## PROBLEM
Exactly the lines below from the line with "Edgewood Condominiums - Forest" through the line with "Summerville House |" must make up the answer, both ends included and pictures left out.

## GIVEN DATA
☆ ☆ ☆ ☆
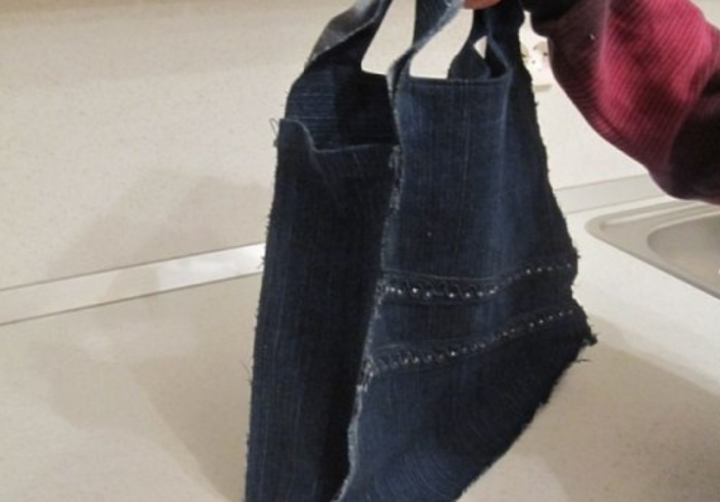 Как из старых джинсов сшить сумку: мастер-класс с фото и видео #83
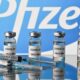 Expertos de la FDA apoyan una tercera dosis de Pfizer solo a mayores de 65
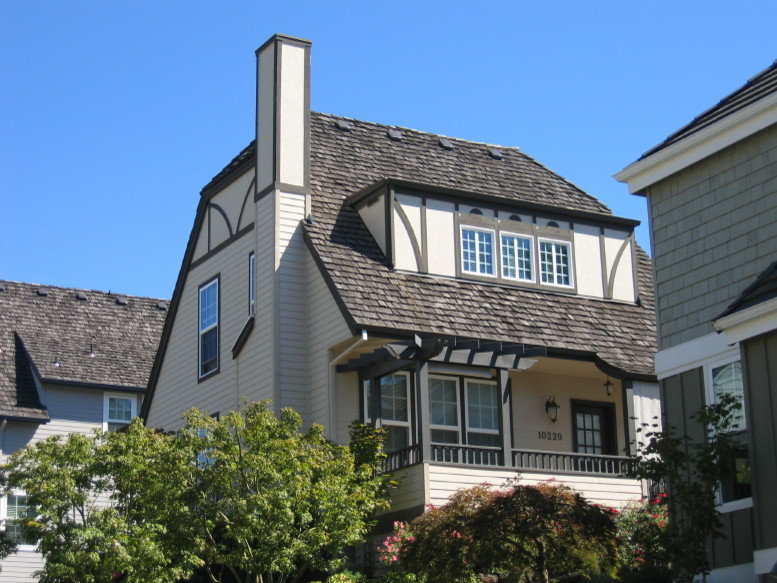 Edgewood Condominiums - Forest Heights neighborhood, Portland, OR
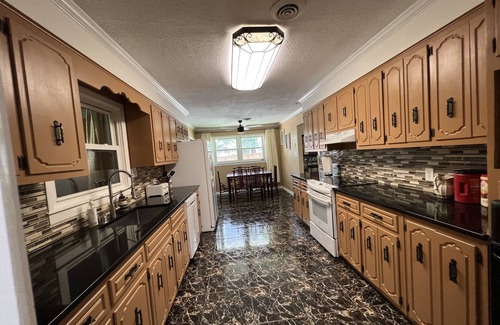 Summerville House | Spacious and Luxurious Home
☆ ☆ ☆ ☆
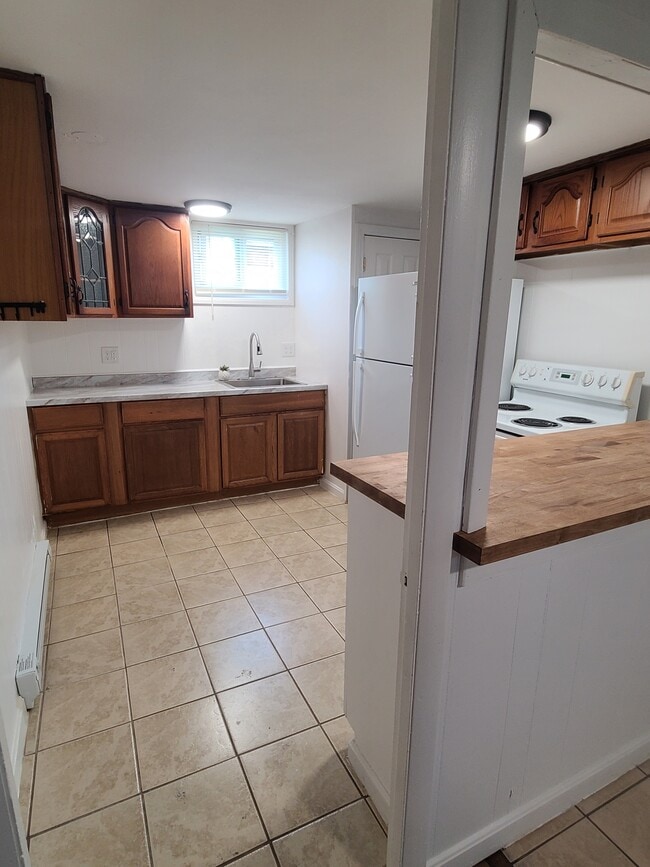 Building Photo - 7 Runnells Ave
☆ ☆ ☆ ☆
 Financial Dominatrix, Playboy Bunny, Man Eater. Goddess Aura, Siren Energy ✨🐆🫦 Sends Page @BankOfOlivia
☆ ☆ ☆ ☆
## WRITTEN RESPONSE
 Edgewood Condominiums - Forest Heights neighborhood, Portland, OR
 Summerville House | Spacious and Luxurious Home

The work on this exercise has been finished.